Author: Damien M. Schiff
This week, the United States Fish and Wildlife Service issued a new designation of critical habitat for the ESA-protected bull trout. The designation comes after a successful lawsuit in federal district court in Oregon brought by environmental groups, Alliance for the Wild Rockies v. Allen, challenging the earlier, smaller, Bush Administration designation. The environmentalists' main gripe with the prior designation was that the Service did not designate any "unoccupied" areas as critical habitat. In this week's designation, the Service has done a dramatic about-face, designating over 800 miles of streams and thousands of acres of lakes and reservoirs as unoccupied critical habitat. The Service's actions are especially remarkable when one considers that the standard for designating unoccupied critical habitat is much higher than the standard for designating occupied critical habitat; in fact, the Service must demonstrate that an unoccupied area is essential to the species's conservation. The Service couldn't do that 5 years ago; how can it manage that finding now?

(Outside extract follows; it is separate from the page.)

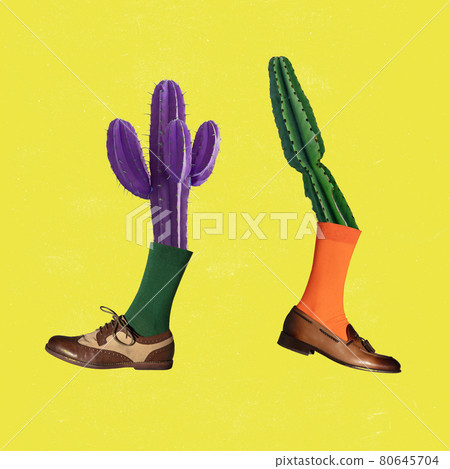 Modern art collage. Two colored cactus wearing different shoes over yellow background. Concept of saving nature. Modern art collage. Two colored cactus wearing different shoes over yellow background. Concept of saving nature. 80645704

Another interesting and troubling point is that the Service's economic impact analysis for the new designation adopts the inadequate "baseline" approach, whereby the agency can ignore the designation's cumulative economic impact. Do you think that the environmentalists (and officials within the Service) would be concerned about conducting environmental assessments without a cumulative impacts approach? Of course! Yet why the same approach should not be taken with economic impacts is, unfortunately, an unsurprising inconsistency.